Solo sees those changes up close. He uses part of his time on the mike in Park View to address newcomers in the neighborhood, largely white residents who have complained that the summer tournament is too loud and draws too many people, with anywhere from 100 to 250 people in the stands. Solo, like most of the game’s spectators and its organizers, is African American.
“I’m gonna give a shout-out to all the newcomers and put into the microphone what people are feeling,” he says. “I think the new folks might actually like us, if they give us a chance because we’re cool like ranch Doritos, blue bag,” he adds with his signature playful grin.
Park View was once a solidly working- and middle-class African American neighborhood of spacious 1920s row homes. The skyline is now pierced by construction cranes building glass-and-steel condos, a block-long upscale supermarket and bars and coffeehouses.
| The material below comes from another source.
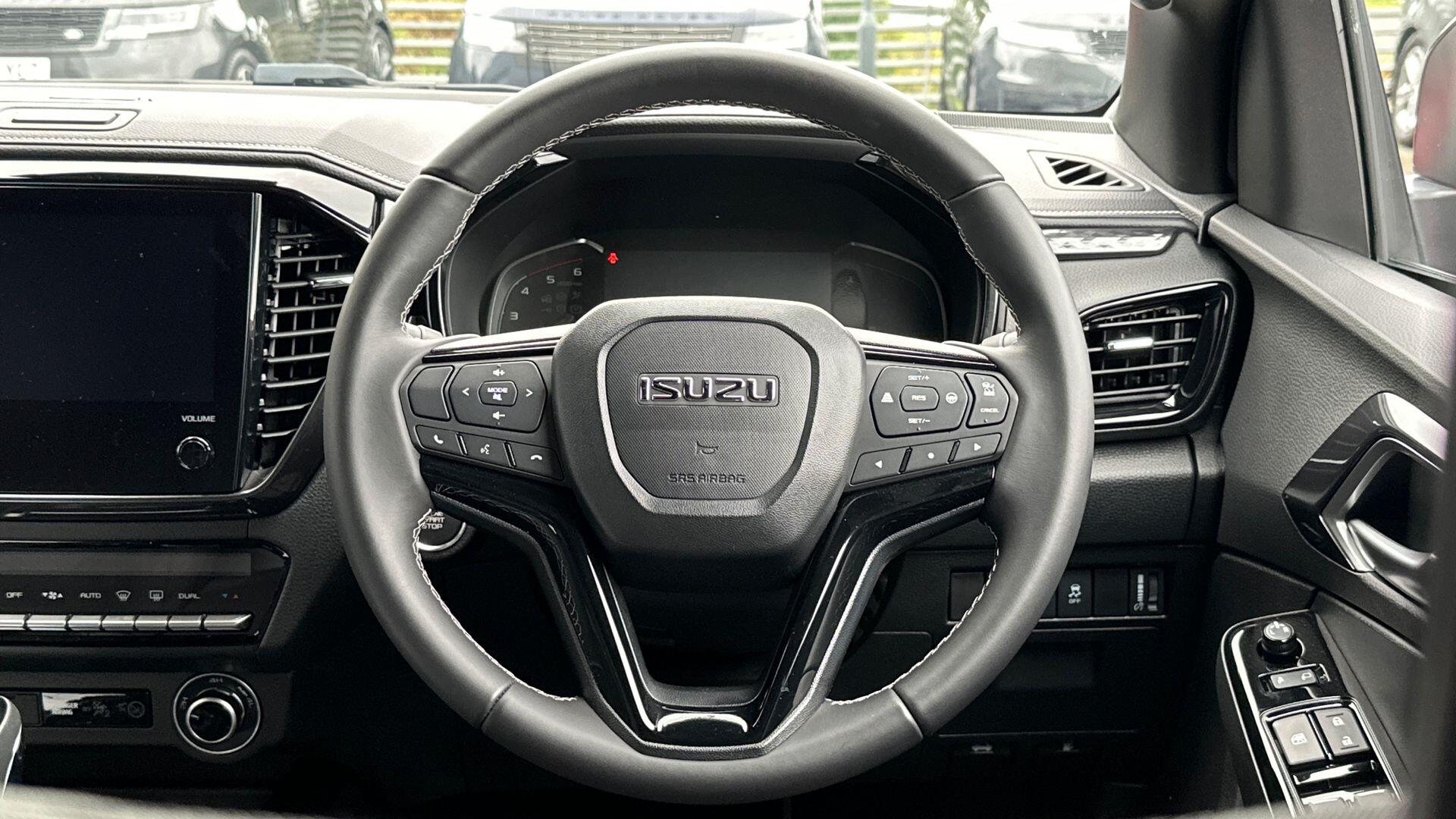 Isuzu D-Max view 14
One of Park View’s most famous residents was Eugene Allen, the longtime White House butler whose life was the subject of a 2008 Post story and now a Hollywood movie in “Lee Daniels’ The Butler.” Today, Allen’s street and those surrounding it are papered with “Cash TODAY for your home!” flyers from developers.
The Park View Recreation Center has hosted the Ty Hop basketball tournament every year since the tournament started 11 years ago. It’s one of the biggest events of the summer for Solo, who announces the games three nights a week from mid-June to mid-August. His voice narrates the triumphs and near-misses of 12 teams of athletes age 18 to 30. Team rosters feature college players and former high school standouts.
It’s loud and crowded and a living memorial to Torrone Hopkins, a former Coolidge High School basketball star who was fatally shot in 2002 while sitting in his parked Lincoln Navigator on Warder Street NW, next to the park. Hopkins, who was 22, was listening to an NBA playoff game after a cookout and basketball game. Friends and family, along with the police, said at the time Hopkins had never been in trouble and was likely mistaken for others in the neighborhood who had the same model of car and were being targeted. (He had bought the car two weeks earlier.)